■ WHAT TO PRODUCE: Your copy of the data below must be exact and must leave out all pictures.

■ SUPPLIED MATERIAL:
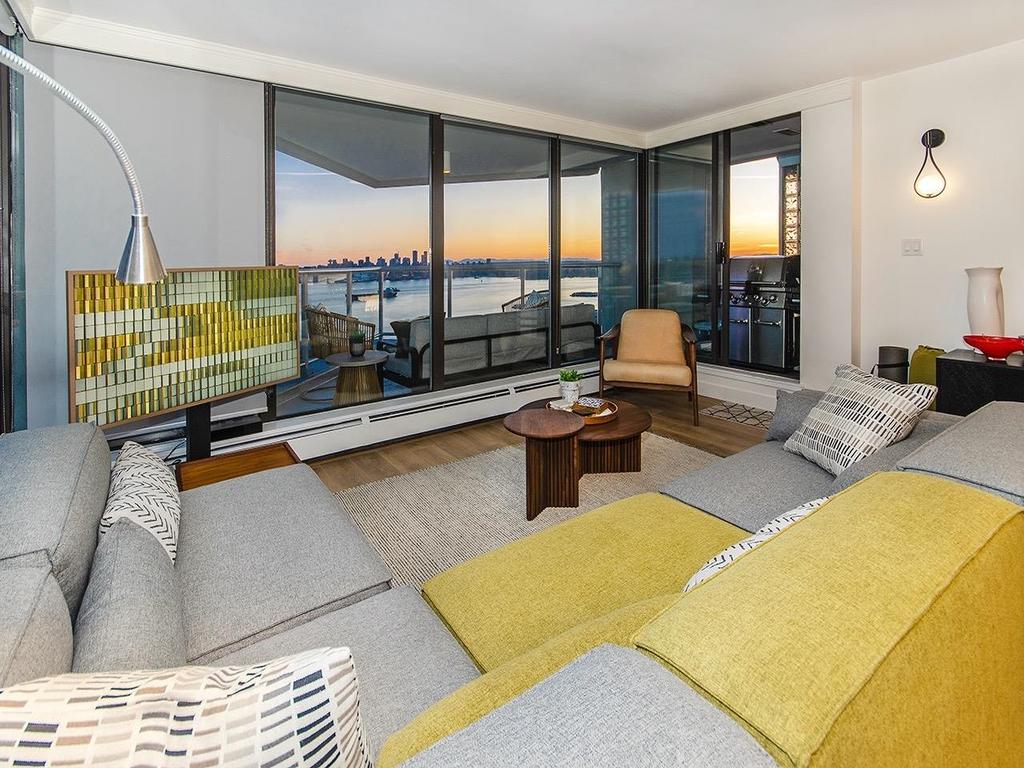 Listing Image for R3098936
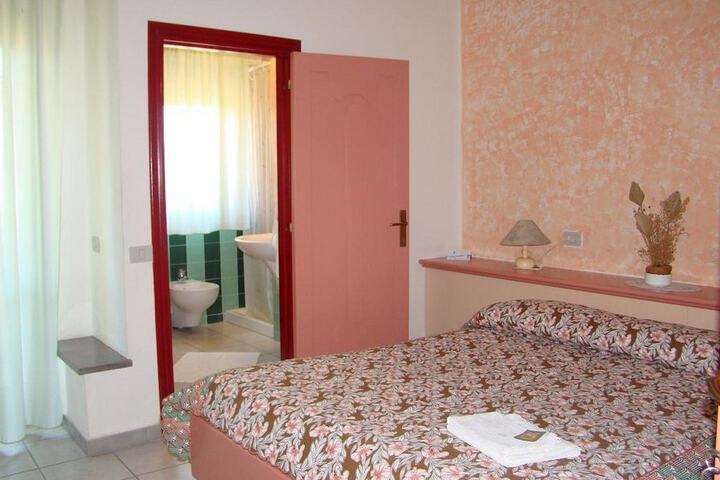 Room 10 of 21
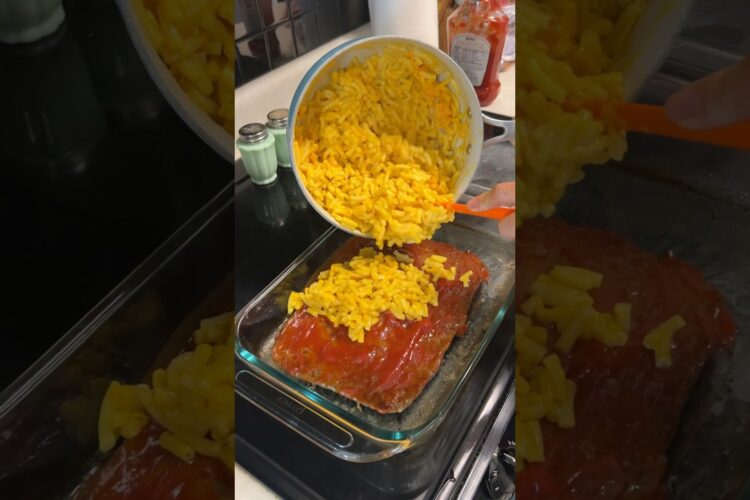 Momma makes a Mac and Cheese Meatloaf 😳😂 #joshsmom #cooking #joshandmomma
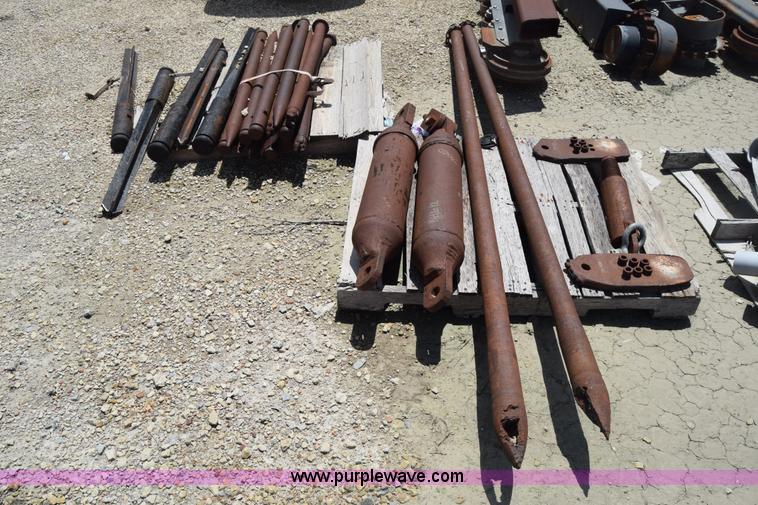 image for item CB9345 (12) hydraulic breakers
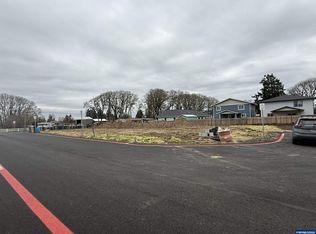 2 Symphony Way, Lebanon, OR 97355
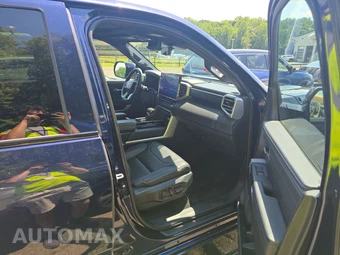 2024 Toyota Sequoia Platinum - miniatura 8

■ SOLUTION FOR THIS TASK:
 Listing Image for R3098936
 Room 10 of 21
 Momma makes a Mac and Cheese Meatloaf 😳😂 #joshsmom #cooking #joshandmomma
 image for item CB9345 (12) hydraulic breakers
 2 Symphony Way, Lebanon, OR 97355
 2024 Toyota Sequoia Platinum - miniatura 8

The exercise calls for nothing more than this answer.